> [RECORDS PROVIDED]:
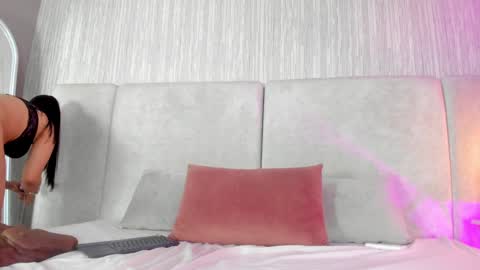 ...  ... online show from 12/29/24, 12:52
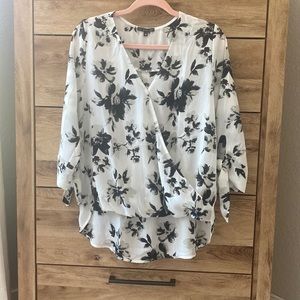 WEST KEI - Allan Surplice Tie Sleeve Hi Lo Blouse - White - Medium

...

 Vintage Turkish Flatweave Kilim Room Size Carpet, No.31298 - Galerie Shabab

> [YOUR INSTRUCTIONS]: From the records above, transcribe exactly the lines starting at the one containing "from 12/29/24, 12:52" and ending at the one containing "WEST KEI - Allan". Skip the pictures.

> [ANSWER BOX]:
 ...  ... online show from 12/29/24, 12:52
 WEST KEI - Allan Surplice Tie Sleeve Hi Lo Blouse - White - Medium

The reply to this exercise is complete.